Apple uses high compression to keep their 1080p videos from being not much more bandwidth-hungry than the 720p versions.
Why not see if this applies to still images as well? Will our eyes tolerate higher compression on a retina display?
This page, designed for viewing on a new iPad, should allow you to experiment with some test images and different image compression settings. (The percentage numbers correspond to the fraction passed as NSImageCompressionFactor to Apple's -[NSBitmapImageRep representationUsingType:properties:] routine, if anybody wonders.)
Here are a few pictures of my own and from Flickr that ought to be a good variety for testing. Here are some aspects you could compare:
After playing with this, I hope you'll agree that you can get away with higher compression when you are serving a double-size, retina image. You don't want to compress so much that the 8-pixel-block artifacts are noticeable, but it seems like you can get away with a file that is maybe only a tiny bit bigger than the normal-size one, by using higher compression.

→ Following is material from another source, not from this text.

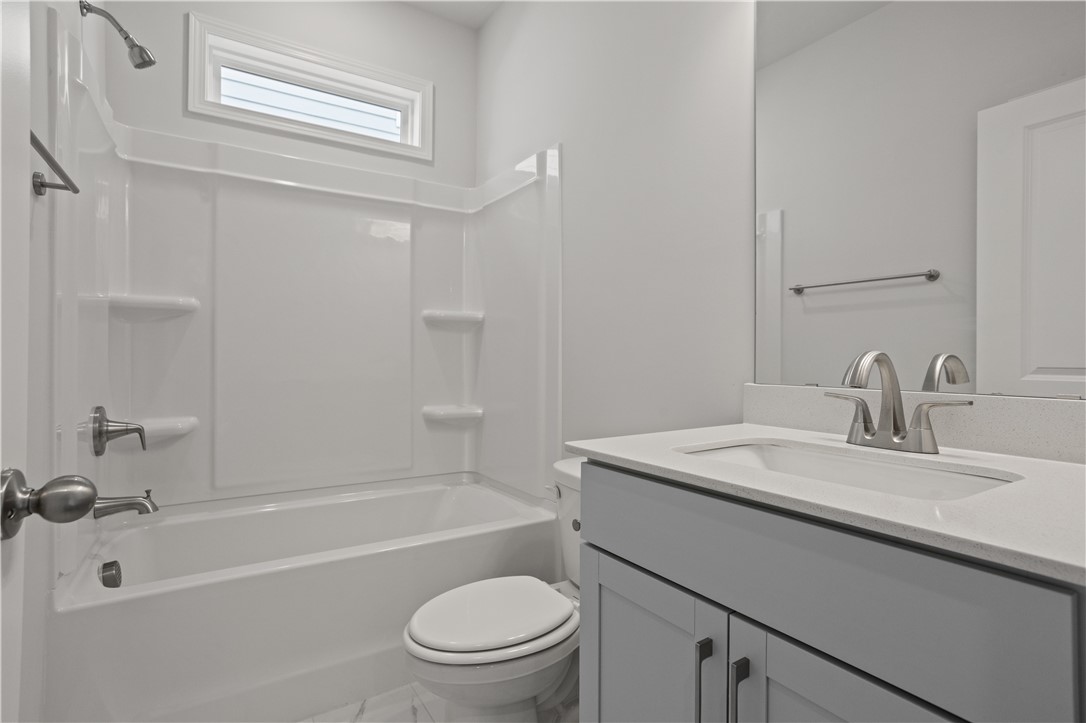 555 Hydrangea Street, Unit LOT 47 Seneca, SC 29678 - Photo 19 of 38 A pristine bathroom features a single vanity and a combination shower-tub unit, offering both functionality and comfort.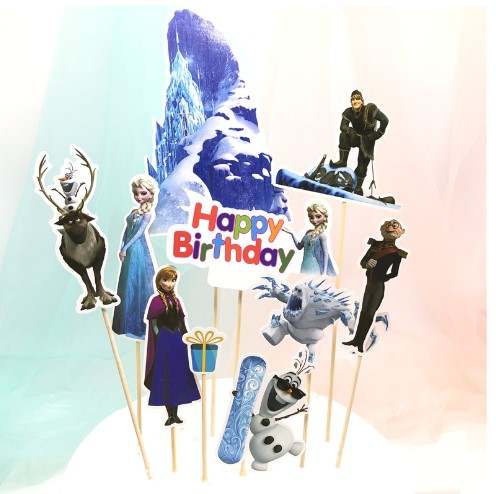 The image features a variety of cake toppers for a birthday celebration, themed around a frozen or winter motif. It includes several character cutouts on sticks, such as a reindeer, two princesses, a snowman, and a male character. There is also a large backdrop of a blue ice mountain and a festive "Happy Birthday" sign in colorful letters, along with a gift box and a snowboard. The background has a soft gradient, enhancing the festive appearance of the product.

(In fact, you may find it interesting to try out this page on a non-retina display. Your browser will scale down a double-size image to fit its intended area. It may be comparable to the normal-size image, even if the double-size image is highly compressed. So maybe you can get away with providing a single, highly-compressed, double-size image, rather than trying to provide both a normal and double image! Try testing this with the images here by choosing a compression factor where the file size of the double-size image is about the same as its normal-size counterpart. By the way, the double-size image is a progressive JPEG in honor of Duncan Davidson's research.)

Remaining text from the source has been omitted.